Online book reviews since 2011, the very best in reviewing – connecting good readers with equally good writers

Payback

Sign up to receive our latest reviews by email

Payback

Payback, Mary Gordon’s philosophically emotional tale of forty-seven years of planning and plotting payback for an act of betrayal.

Payback is Mary Gordon’s thirteenth novel. Like most of her work, this story comes packed with philosophically emotional ingredients. It begins in fictional Brimston, Arizona, February 2018, ending one year later, same city, same month but 2019. From Page 3 to Page 338, are forty-seven years.

Quin Archer, Agnes Vaughan, and those 47 years are the main characters. The back story includes mothers, fathers, college friends, husbands, and a whole lot of expected behavior just hanging on in the early 1970s. The difference between readers who are well into their senior years (me) and readers who are well into today’s fast-paced lives of social media is something Payback made me think about. Gordon covers a broad swath of ever-changing public mores: truth, dishonesty, personal integrity, religion, concern for others, sexuality.

Quin is the producer/star of a reality TV show called Payback, a show based on the philosophy of Ayn Rand’s theory of beneficent selfishness. Fans send Quin their stories of victimization, and she, in turn, finds the abusers and confronts them (with the abused in tow) live on national TV (including podcasts). In Quin’s world, there are no victims, only those unwilling to stand up to the wrongdoers and demand payback. The show’s success is worldwide. Part I of the novel closes with Quin’s announcement that her next broadcast will be personal.
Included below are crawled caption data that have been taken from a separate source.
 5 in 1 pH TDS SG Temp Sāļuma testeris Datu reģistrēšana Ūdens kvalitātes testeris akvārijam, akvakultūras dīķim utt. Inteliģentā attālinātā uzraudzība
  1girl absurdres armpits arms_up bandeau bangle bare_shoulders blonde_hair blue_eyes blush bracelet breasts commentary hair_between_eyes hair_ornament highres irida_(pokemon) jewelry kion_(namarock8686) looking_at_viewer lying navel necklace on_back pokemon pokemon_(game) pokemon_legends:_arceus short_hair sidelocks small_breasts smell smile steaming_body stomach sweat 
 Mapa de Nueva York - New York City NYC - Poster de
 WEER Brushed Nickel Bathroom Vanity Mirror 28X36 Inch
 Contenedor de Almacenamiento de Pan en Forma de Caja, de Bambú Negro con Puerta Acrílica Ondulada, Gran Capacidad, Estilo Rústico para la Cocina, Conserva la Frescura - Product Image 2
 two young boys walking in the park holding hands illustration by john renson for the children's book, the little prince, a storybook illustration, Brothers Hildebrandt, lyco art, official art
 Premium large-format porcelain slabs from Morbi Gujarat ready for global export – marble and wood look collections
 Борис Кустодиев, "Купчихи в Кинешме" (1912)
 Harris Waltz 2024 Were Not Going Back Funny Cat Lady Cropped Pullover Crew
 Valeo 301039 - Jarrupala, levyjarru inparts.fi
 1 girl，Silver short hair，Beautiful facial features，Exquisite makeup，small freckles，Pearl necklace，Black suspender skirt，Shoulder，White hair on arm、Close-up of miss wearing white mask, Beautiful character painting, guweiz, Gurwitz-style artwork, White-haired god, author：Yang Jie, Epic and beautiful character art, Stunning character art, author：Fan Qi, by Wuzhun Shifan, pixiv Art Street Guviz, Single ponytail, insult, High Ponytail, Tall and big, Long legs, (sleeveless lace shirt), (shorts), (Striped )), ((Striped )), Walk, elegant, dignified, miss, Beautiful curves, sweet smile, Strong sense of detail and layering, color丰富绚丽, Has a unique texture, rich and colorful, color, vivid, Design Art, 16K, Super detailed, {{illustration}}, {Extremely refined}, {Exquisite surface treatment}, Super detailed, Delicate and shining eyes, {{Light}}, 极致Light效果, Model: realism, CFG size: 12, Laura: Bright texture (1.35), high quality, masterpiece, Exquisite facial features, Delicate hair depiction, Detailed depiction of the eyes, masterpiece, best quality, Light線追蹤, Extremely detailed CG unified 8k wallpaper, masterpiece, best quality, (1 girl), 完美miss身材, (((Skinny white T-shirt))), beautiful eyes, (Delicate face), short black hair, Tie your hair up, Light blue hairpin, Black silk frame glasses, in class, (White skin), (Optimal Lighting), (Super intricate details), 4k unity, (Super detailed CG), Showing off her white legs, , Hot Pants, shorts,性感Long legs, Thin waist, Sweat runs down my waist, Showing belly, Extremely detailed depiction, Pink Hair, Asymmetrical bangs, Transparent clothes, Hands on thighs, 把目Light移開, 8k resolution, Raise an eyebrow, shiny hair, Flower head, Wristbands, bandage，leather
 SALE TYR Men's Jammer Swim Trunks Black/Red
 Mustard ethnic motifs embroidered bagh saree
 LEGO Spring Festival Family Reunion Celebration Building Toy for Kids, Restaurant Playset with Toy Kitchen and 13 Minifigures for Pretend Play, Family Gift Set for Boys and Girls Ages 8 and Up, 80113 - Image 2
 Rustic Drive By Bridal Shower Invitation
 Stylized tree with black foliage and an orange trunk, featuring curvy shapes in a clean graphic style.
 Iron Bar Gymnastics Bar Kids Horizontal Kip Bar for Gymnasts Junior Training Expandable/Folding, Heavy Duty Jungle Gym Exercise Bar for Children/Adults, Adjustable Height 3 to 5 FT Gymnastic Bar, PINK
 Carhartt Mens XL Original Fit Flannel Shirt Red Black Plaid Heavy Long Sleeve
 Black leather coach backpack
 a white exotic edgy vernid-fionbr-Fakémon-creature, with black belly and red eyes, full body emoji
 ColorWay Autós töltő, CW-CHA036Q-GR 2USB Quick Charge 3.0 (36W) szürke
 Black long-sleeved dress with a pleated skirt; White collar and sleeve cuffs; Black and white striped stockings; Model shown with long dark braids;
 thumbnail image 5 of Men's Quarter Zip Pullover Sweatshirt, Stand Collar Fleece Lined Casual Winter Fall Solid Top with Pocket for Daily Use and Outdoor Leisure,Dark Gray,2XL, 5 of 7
She will disclose the person who betrayed her. She reminds her enthusiastic and adoring fans that “FORGIVENESS WITHOUT PAYBACK KEEPS A VICTIM IN HIS CHAINS.”

Part II steps back to April 1972. Agnes Vaughan is a young, recent college graduate who teaches art history at a posh all-girls high school in New Canterbury, Rhode Island. Fifteen-year-old Heidi Stolz is Agnes Vaughan’s most troubled and, at the same time, most intriguing student. Stolz, bright and outrageously obnoxious, socially distances herself from classmates and teachers. Kindhearted Agnes, who believes she has a responsibility as a teacher, attempts to engage Heidi’s interest in art by giving Heidi a ticket to a Guernica lecture to be held in New York City. In addition to the ticket, Agnes, having recently bought a very chic pair of red boots, which she later believes are much too stylish for her own tastes, gives the boots to Heidi, despite deeply worrying that she may have overstepped proper teacher/student boundaries.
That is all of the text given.